Weird request, but you summarize stuff. I've only caught a few episodes of Critical Role but am curious about Kima and Allura. What's the story there? Don't worry about spoilers, I'm never gonna get caught up on this show anyway, but I am curious!

Oh gosh! Okay. This actually dovetails nicely with some logistical stuff I need to figure out for reasons, so hey, here’s my really long-winded summary (and other folks, please chime in if I get something wrong, there’s a lot of ground to cover here ranging from pre-series to right up where we are now):

So, basically, Allura (human wizard) and Kima (halfling paladin of Bahamut) were part of the same adventuring party, and their exploits culminated in a big ol’ boss battle fifteen years before the start of Critical Role against an ancient red dragon named Thordak. Their party managed to seal Thordak in the Elemental Plane of Fire, but in the process three members of their party were killed (Sirus, Dohla, and Ghenn), leaving only Kima, Allura, and their elementalist friend Drake Thunderbrand standing at the end of it.

In the wake of the battle, the three of them went their separate ways, despite the romantic relationship that had developed between Kima and Allura. Allura accepted an offer to become a member of the Council of Tal’Dorei in the capital city of Emon, but Kima wasn’t exactly keen on a political position and traveled north to the holy city of Vasselheim instead, where she worked with Highbearer Vord, the leader of the Order of Bahamut. Kima mentions in early episodes of the show that she and Allura would still try to meet up every few months for drinks, but their lives were pulling them in different directions. 

Matt’s made it pretty clear that Allura still spent a lot of time thinking about Kima during those years—in his playlist he posted way back in 2015, he says of Allura: “So long as protecting the realm means protecting this one person, then all the toil and challenge is worth it.” Kima also wound up struggling a lot with her faith in the wake of all the evils she’d seen, and frequently butted heads with Highbearer Vord and the more straitlaced folks she worked with.

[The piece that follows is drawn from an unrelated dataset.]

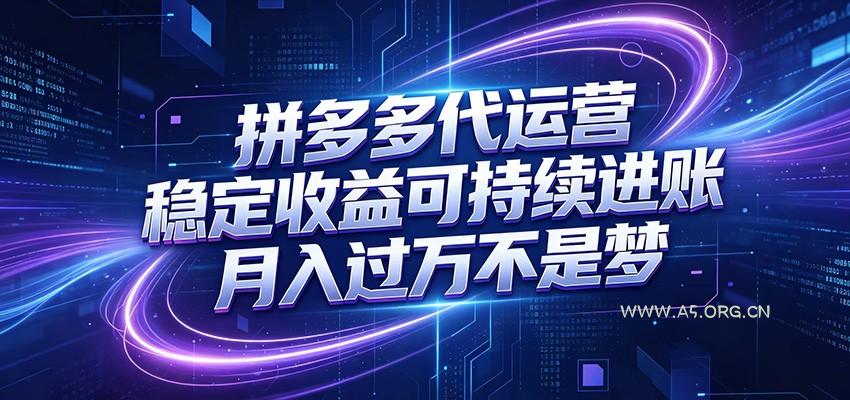 拼多多代运营，小白也能轻松月入过万，真实运营数据可查，全托管代运营-小红泡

Fast-forward fifteen years, when Kima starts to get visions of a terrible evil brewing under the dwarven city of Kraghammer and rushes in half-cocked. Allura starts to get worried after several weeks pass with no word and hires a group of adventurers that she’s worked with in the past to go find Kima—the adventurers, of course, are Vox Machina, and this push was the impetus for the first on-stream plot arc of the show.

Vox Machina manage to get Kima out of a bad situation in the Underdark, and then they all wind up embroiled in a conflict against a particularly corrupted beholder named K’Varn, who’s managed to get his hands (eye-tentacles?) on a Horn of Orcus and is sort of chilling with his mind flayer pals as a lowkey champion of the god of undeath, which is not fantastic. VM kill K’Varn, and together with Kima (who’d been turned to stone by a basilisk, thus beginning her longstanding pattern of bad luck on missions involving VM) just barely manage to escape via teleportation circle back to Emon.

After a Weekend-at-Bernie’s-esque pub crawl with Kima still in stone form, the party finally manages to restore her, and they all head over to explain the events to Allura. Allura is delighted to see Kima again, and they have a tearful reunion. Kima does travel with VM back to Vasselheim to seal the Horn of Orcus in the Platinum Sanctuary (a temple of Bahamut), leaving Allura in Emon. VM eventually moves on to the next plot, leaving Kima in Vasselheim.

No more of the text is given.